Closed longyangqi closed 1 year ago
sbs.row_flow
is a model that emulates the output of apply_stereo_divergence_polylines (from stable-diffusion-webui-depthmap-script).
The original apply_stereo_divergence_polylines
algorithm is very slow for video processing, so I reimplemented it with a fast ML model. This model is just for processing speed.
how to train the model? And what's the training data
training code is available at https://github.com/nagadomi/nunif/tree/master/iw3/training/sbs .
dataset is regular RGB image files. datasets for image classification, superresolution, etc. can be used without modification.
Below is example commands for training.
Image Dataset directory structure
./dataset/
├── train/
└── eval/
train/
is image data directory for training. eval/
is image data directory for evaluation (validation).
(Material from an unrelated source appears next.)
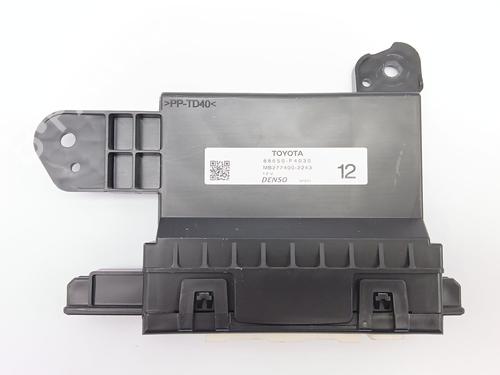 Used Electronic module Electronic module TOYOTA C-HR (_X1_) 1.8 Hybrid (ZYX10_, ZYX11_, ZYX10R, ZYX11R) (122 hp) 26601546 26601546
At least one image file must be placed for each directory.
Creating training data from image dataset
python create_training_data.py sbs --dataset-dir ./dataset/ -o ./data/sbs_data
This command generates 256x256 depth and stereo images for training command. ./data/sbs_data
is the output directory.
Training
# scratch
python train.py sbs --arch sbs.row_flow --data-dir ./data/sbs_data --model-dir ./models/sbs_model/ --learning-rate 0.0001
python train.py sbs --arch sbs.row_flow --data-dir ./data/sbs_data --model-dir ./models/sbs_model/ --learning-rate 0.00005 --resume --reset-state
python train.py sbs --arch sbs.row_flow --data-dir ./data/sbs_data --model-dir ./models/sbs_model/ --learning-rate 0.00003 --resume --reset-state
python train.py sbs --arch sbs.row_flow --data-dir ./data/sbs_data --model-dir ./models/sbs_model --checkpoint-file ./iw3/pretrained_models/row_flow_fp32.pth --learning-rate 0.00003
`models/sbs_model` is the output directory for trained model.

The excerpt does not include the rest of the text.